Vrederus – a place beyond words
By Gerhard Weldhagen
The melodious ring of an accidentally set alarm clock suddenly plunges the Naude household into unplanned, undiluted chaos, shattering the early morning peace and quiet with the now very familiar tone that we abundantly listened to the previous day. With my thoughts still asleep, I could think of only two things; grandmothers can buy really weird gifts and children, especially small ones, are like the sea – you should never, ever turn your back on them! The pleasant chatter of the children and the inviting smell of hot coffee finally gets this house guest going, with the normal hustle and bustle of busy farm life making the household seem like a gigantic living organism, freshly hatched and rapidly awakening to the new day. The scrumptious farm breakfast is an unhurried affair, preceding a day filled to the brim with wide-open blue skies and fishing opportunities to die for.
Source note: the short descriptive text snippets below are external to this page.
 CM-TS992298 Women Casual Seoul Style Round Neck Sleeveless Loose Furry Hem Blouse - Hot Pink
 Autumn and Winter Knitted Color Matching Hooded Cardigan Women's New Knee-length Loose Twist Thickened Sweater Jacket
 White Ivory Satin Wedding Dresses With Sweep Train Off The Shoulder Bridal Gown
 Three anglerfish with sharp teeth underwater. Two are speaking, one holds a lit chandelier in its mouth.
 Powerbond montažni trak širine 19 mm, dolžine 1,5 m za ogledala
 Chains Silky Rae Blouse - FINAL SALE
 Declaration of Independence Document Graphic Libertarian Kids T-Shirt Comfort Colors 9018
After breakfast Marli and I sauntered off to our favourite spot for some exceptionally civilised fly fishing, none of this early rising, braving the cold twaddle needed here! The little vlei below the main 18 hectare dam wall, now well-filled after the summer rains, teems with large rainbow and brown trout escapees, making for some of the best sight fishing we’ve ever had. A small neutral density dragon nymph cast along the edge of a weed bed or towards a clearly discernable fishy bulge in the shallow water, time and again resulted in a tight line with a well-conditioned, irate trout at the other end. Having had enough of the stillwater fishing for the moment, it was off to the Swith stream, the birthplace of the Luzi River, to sample some of its wily trout on the dry fly. The Swith runs in a steep valley, the marble bright water carving out the bottom over millennia, with imposing sandstone walls towering above the gorge, hiding quite a few overhangs decorated with ancient San rock art. This miniscule water has some prime dry-fly areas where a sparsely tied, stiff-hackled fly can flutter, dance and tiptoe over sparkling short runs and small pools. Watching as the fly commences its ballet over the sunlit water, can bring a stillness to the heart with almost untenable anticipation, only to be relieved by the lightning fast take of a wild rainbow trout, making the ultimate deception complete.
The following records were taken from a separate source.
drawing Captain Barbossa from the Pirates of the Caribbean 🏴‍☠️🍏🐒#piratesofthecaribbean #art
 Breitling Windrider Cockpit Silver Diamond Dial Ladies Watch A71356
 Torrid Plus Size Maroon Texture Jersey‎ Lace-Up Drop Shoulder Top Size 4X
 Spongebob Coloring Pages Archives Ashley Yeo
Vrederus is more than just quality flyfishing in virgin streams and large stillwaters; it boasts an impressive ornithological potpourri, with in excess of 172 listed bird species in the area. Around the water and on the rest of the farm one can observe some of South Africa’s rare and endangered bird species including the bearded vulture, booted eagle, black harrier, mountain pipit, black stork and the ever-elusive yellow-breasted pipit. For the photographer, Vrederus is a seemingly endless montage of scenery, with quaint pastoral scenes intermingled with ominous thunderstorms and calm, almost docile sunsets. Old farm buildings and implements make very willing subjects for abstract scenes, while the local bird life will keep the wildlife photographer more than just occupied.
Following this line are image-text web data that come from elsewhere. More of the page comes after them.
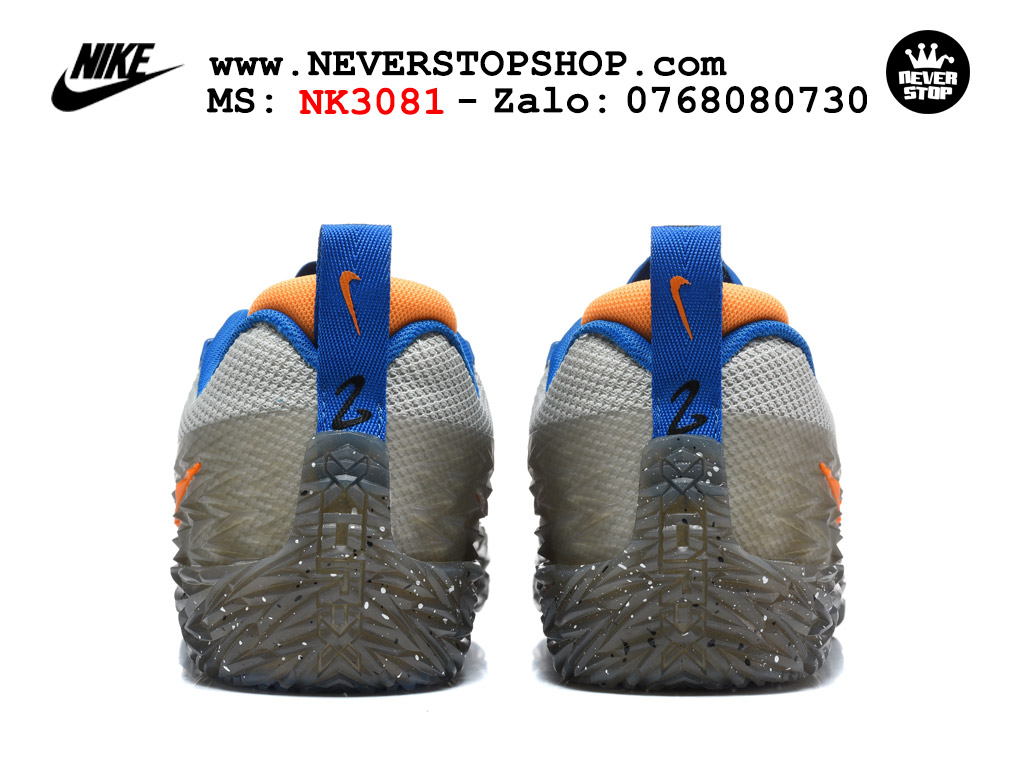 Giày bóng rổ outdoor Nike ST Charge Trắng Xanh Xám đế XDR-X chống mòn cực tốt kèm Air Zoom hàng like auth replica 1:1 giá rẻ tại NeverStop Sneaker Shop HCM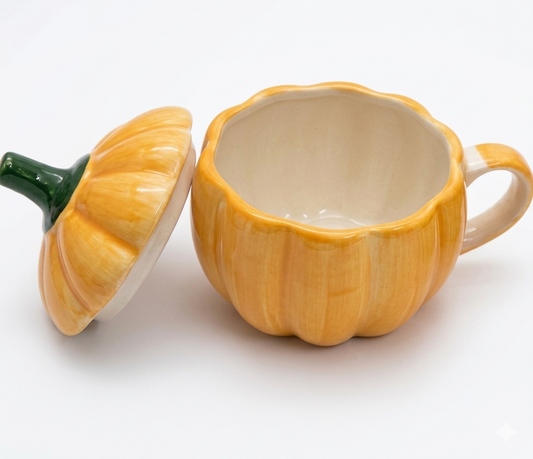 Ceramic pumpkin-shaped mug with lid on a white background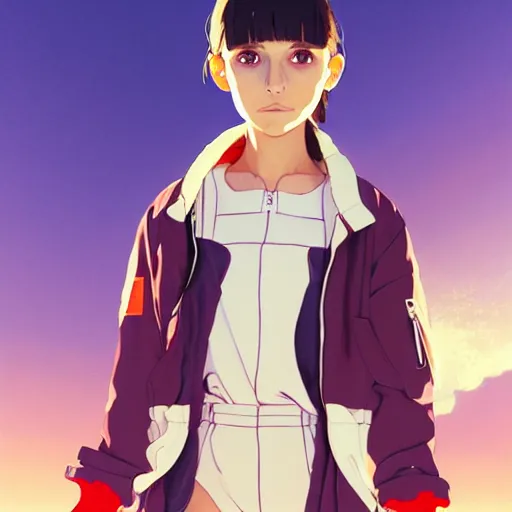 Image similar to a beautiful boyish natalie portman gravure model, wearing oversized mayan bomber jacket and leotard with overalls, bulky poofy bomber jacket with mesoamerican patterns, mesoamerican street fashion, gapmoe yandere grimdark, trending on pixiv fanbox, painted by greg rutkowski makoto shinkai takashi takeuchi studio ghibli, akihiko yoshida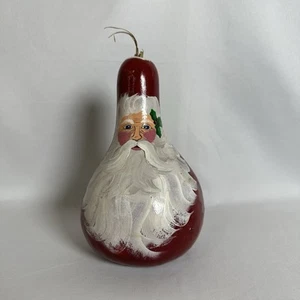 VTG Hand Painted Santa Claus Gourd Christmas Folk Art Artist Signed 2003 8” Tall - Picture 1 of 12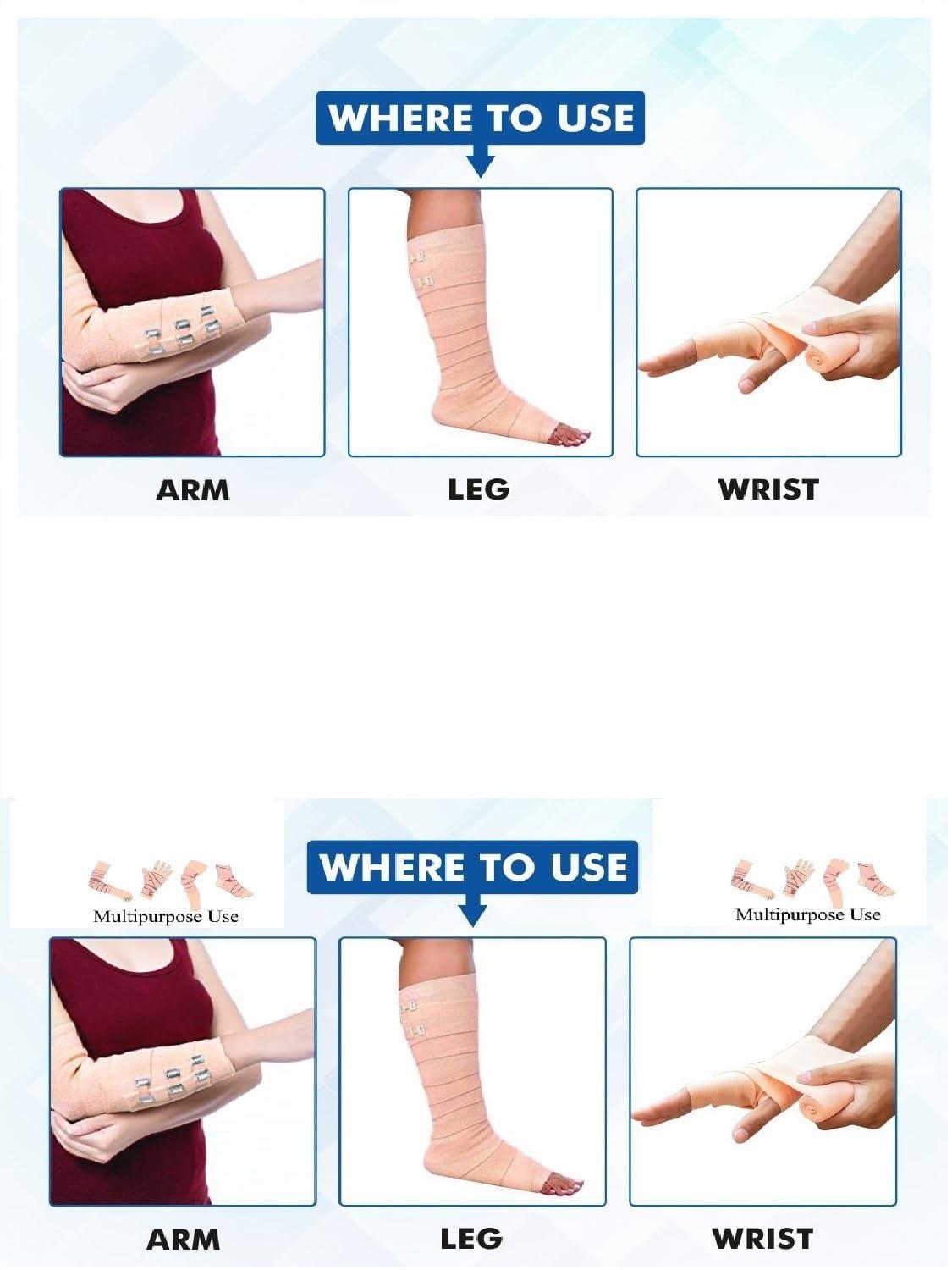 RARE OCEANS RARE OCEANS Crepe Bandage for knee/leg/wrist/ankle/elbow/hand/foot/finger/Sports Elastic Compression 15CM (WIDTH) X 4 METER(STRETCH LENGTH) (PACK OF 1) EXTRA CLIPS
On our last evening, dusk finds young Peet Naude and me back in the vlei, up to our knees in cold clear water. A slight surface bulge betrays the presence of a foraging trout in the soft evening glow, making it an easy target to reach with a single flick of the rod. Having hooked the fish, I handed the rod to my young apprentice, having him hang on for dear life. How do you explain to an eight year old that the fish on the other end of the line, trying to pull him into the water, is likely to be bigger than his baby sister? After landing and gently releasing the fish, we walked back to the house in silence, as words strangely felt out place during the making of a special twilight memory. After blissful days of top class fishing, the ever-moving hands of time has sadly caught up with us yet again, and it was time to head for home, bringing an end to a much fulfilling odyssey of sparkling rivers, streams and dams. As we drove off into the swirling early morning mist we realise that we won’t stay away for too long, our weary city souls will hopefully once more soak up the solitude and rest that one can only truly find in this part of the world, a magical place, an uncomplicated place, a place beyond the worldly grasp of words.